Kagan Associates estimates that Extra Innings generated 280,000 subscribers across both cable and satellite services in 2005. That pales by comparison to the 600,000 subscribers netted by the National Basketball Association’s “NBA League Pass” package and the nearly 2 million scored by Sunday Ticket during the same time period, according to Kagan.

Further, the package is dwarfed by the 1.3 million subscribers that baseball generated in 2005 for its $79.95 MLB.TV subscription broadband service (the price for the 2005 season), according to New York Magazine. The package includes live games, as well as extensive highlights and classic contests. Sports-programming consultant Lee Berke told Multichannel News in February the emergence of the broadband package could allow MLB to take DirecTV’s exclusive package without alienating cable subscribers.

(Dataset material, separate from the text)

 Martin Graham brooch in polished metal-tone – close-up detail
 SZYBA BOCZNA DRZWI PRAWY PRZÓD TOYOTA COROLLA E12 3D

“[MLB.TV] has become so widely distributed in its own right that it’s become a balancing act — the leagues are looking at various platform and the dollars they get, and trying to figure out whether exclusivity or multiple distributors makes sense,” he said in the Multichannel News report. “My guess is that if DirecTV comes up with enough money, then baseball may say, ‘We’re doing so well with MLB.TV maybe it’s worth it to explore being exclusive with DirecTV.’ ”

“Baseball occupies a somewhat different status with the American public than does any other sport,'” said Neal Pilson, a former president of CBS Sports who runs Pilson Communications in a Bloomberg News report. “The political scene is frankly different for baseball.'”

That isn’t the issue; what’s at the heart of this ‘debate’ the free market system. Capitalism is a pretty simple principal, you make the best deal you can, take a few risks and hope at the end of the day you’ll make a dollar or two.

DirecTV has an exclusive agreement with the National Football League. If InDemand’s President and CEO Robert D. Jacobson is so enraged by MLB’s decision Thursday to move forward with their agreement with DirecTV why hasn’t he expressed the same outrage with the NFL’s DirecTV deal? If anything its DirecTV who should be upset they couldn’t get an exclusive agreement with MLB immediately and they’ll have to wait the remaining 16 business days of the month to move their marketing and sales pitch forward for the 2007 DirecTV Extra Innings package!